With images removed, transcribe each record exactly as it appears.
..............................
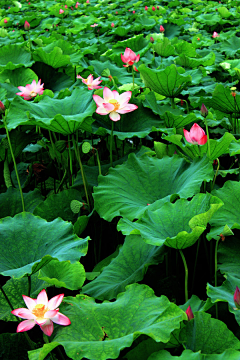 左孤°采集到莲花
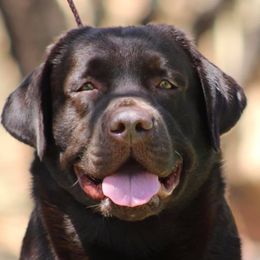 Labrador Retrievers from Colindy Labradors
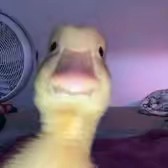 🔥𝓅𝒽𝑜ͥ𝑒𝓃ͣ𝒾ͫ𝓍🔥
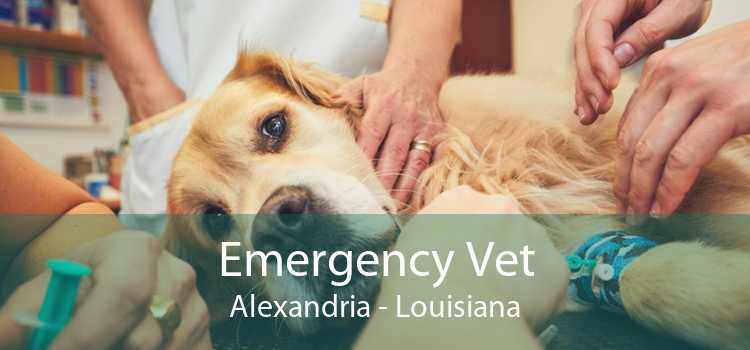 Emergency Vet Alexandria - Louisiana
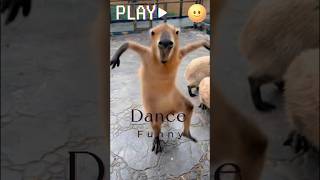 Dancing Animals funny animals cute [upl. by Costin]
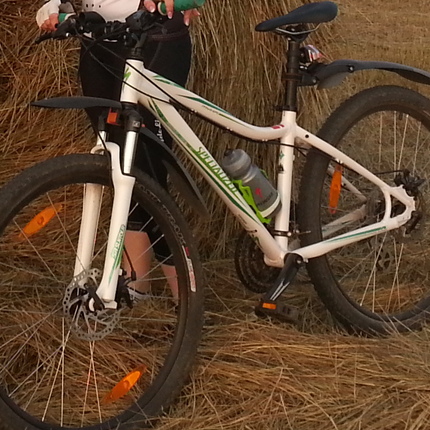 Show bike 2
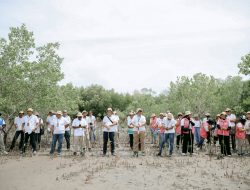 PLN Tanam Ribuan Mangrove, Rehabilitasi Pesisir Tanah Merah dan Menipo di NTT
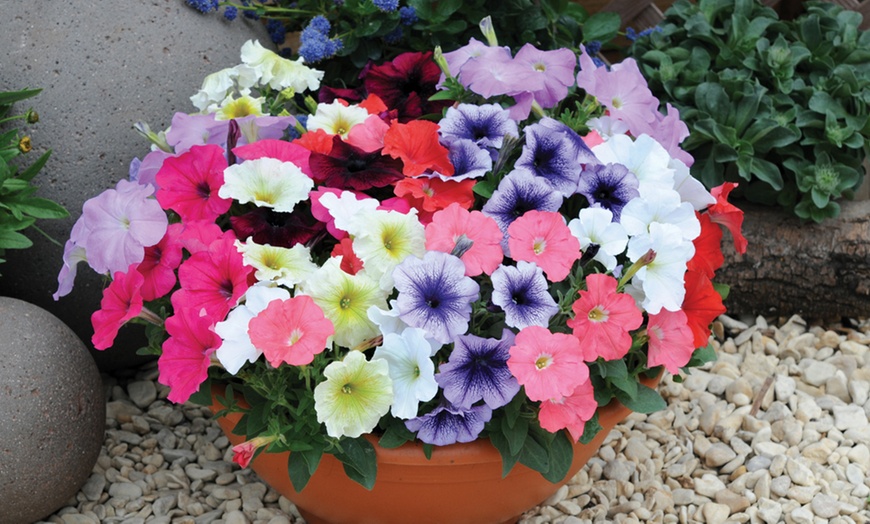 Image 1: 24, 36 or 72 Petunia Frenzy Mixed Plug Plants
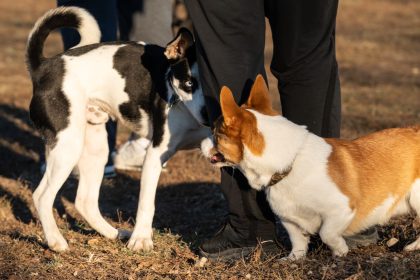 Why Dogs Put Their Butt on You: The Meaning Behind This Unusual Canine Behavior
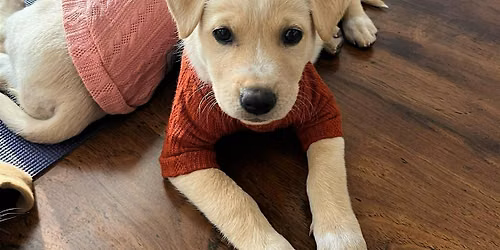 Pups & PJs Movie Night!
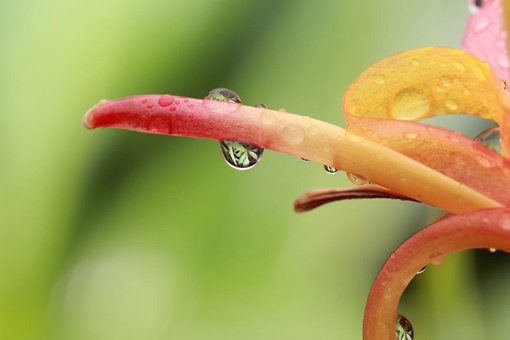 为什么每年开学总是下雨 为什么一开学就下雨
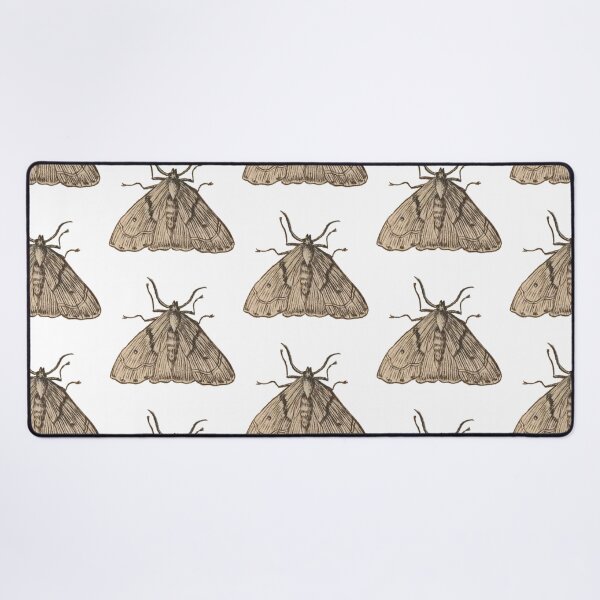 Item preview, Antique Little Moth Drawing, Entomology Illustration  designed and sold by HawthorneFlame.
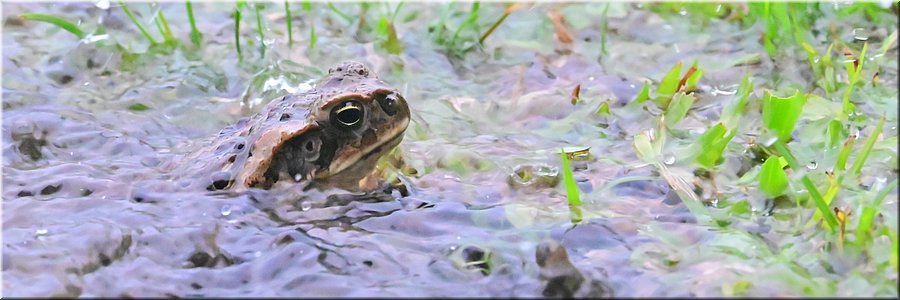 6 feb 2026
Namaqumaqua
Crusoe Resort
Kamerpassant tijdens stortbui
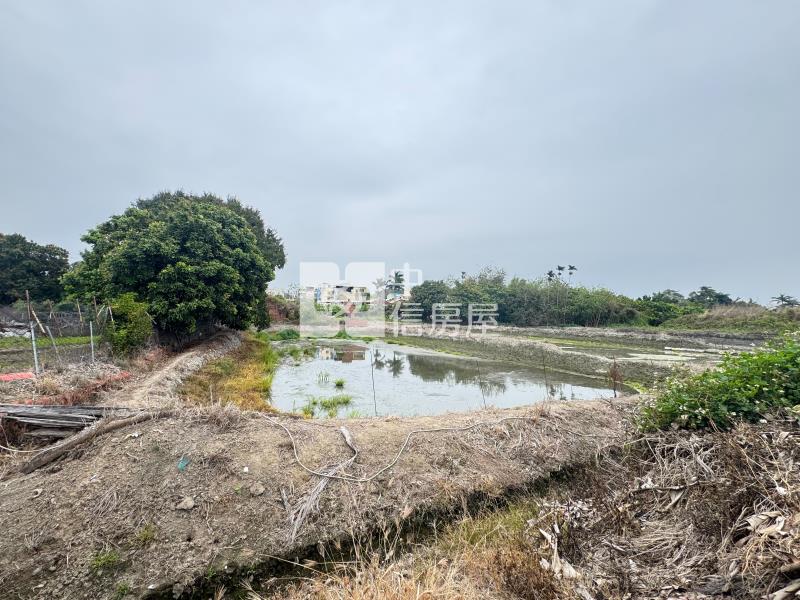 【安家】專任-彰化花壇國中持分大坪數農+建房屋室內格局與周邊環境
..............................
■ Solution for this task:
 左孤°采集到莲花
 Labrador Retrievers from Colindy Labradors
 🔥𝓅𝒽𝑜ͥ𝑒𝓃ͣ𝒾ͫ𝓍🔥
 Emergency Vet Alexandria - Louisiana
 Dancing Animals funny animals cute [upl. by Costin]
 Show bike 2
 PLN Tanam Ribuan Mangrove, Rehabilitasi Pesisir Tanah Merah dan Menipo di NTT
 Image 1: 24, 36 or 72 Petunia Frenzy Mixed Plug Plants
 Why Dogs Put Their Butt on You: The Meaning Behind This Unusual Canine Behavior
 Pups & PJs Movie Night!
 为什么每年开学总是下雨 为什么一开学就下雨
 Item preview, Antique Little Moth Drawing, Entomology Illustration  designed and sold by HawthorneFlame.
 6 feb 2026
Namaqumaqua
Crusoe Resort
Kamerpassant tijdens stortbui
 【安家】專任-彰化花壇國中持分大坪數農+建房屋室內格局與周邊環境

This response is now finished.